• _Exercise instructions_:
Using the data below, set down every line from the one containing "3699 Highway 22 Whangape_12" through the one containing "Napa, California, 94558, United", inclusive and unchanged. Pictures are to be skipped.

• _Data in this exercise_:

• • •

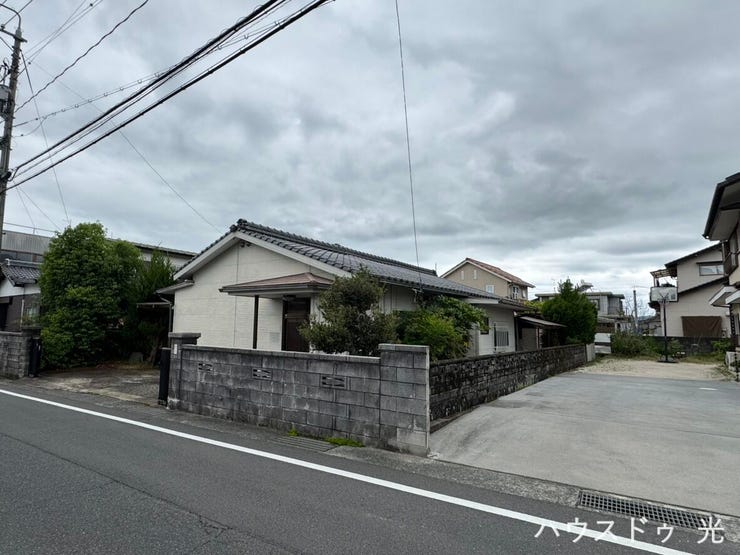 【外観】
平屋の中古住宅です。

• • •

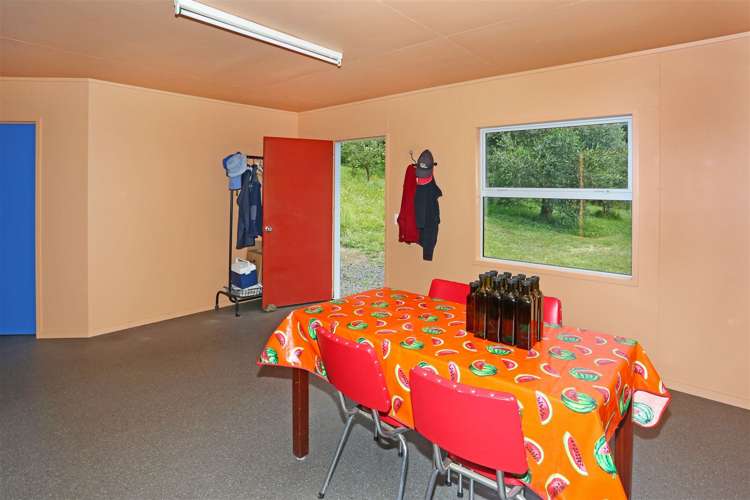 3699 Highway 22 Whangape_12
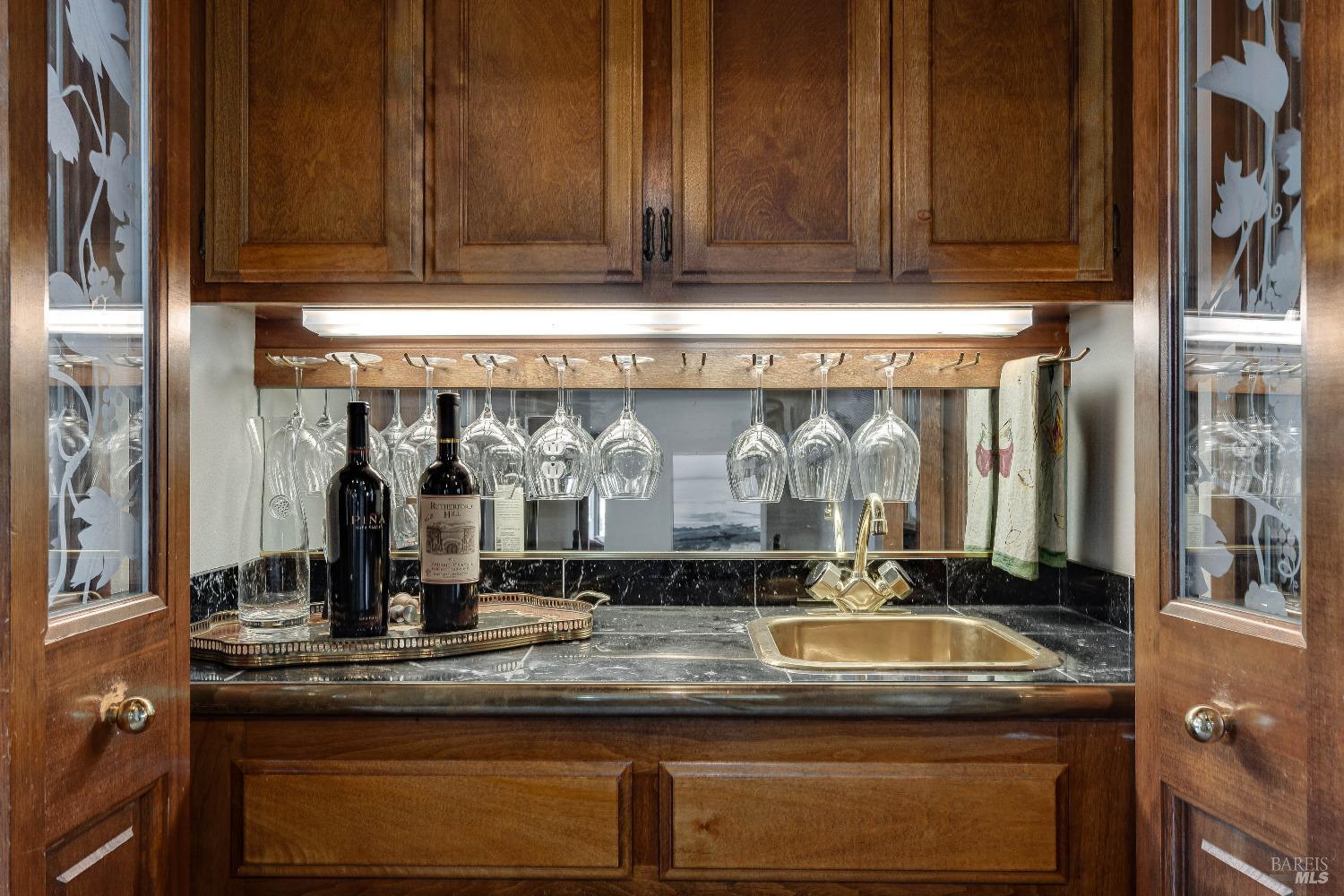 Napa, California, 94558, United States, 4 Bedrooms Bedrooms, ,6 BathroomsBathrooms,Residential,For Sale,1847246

• • •

• _Answer to this problem_:
 3699 Highway 22 Whangape_12
 Napa, California, 94558, United States, 4 Bedrooms Bedrooms, ,6 BathroomsBathrooms,Residential,For Sale,1847246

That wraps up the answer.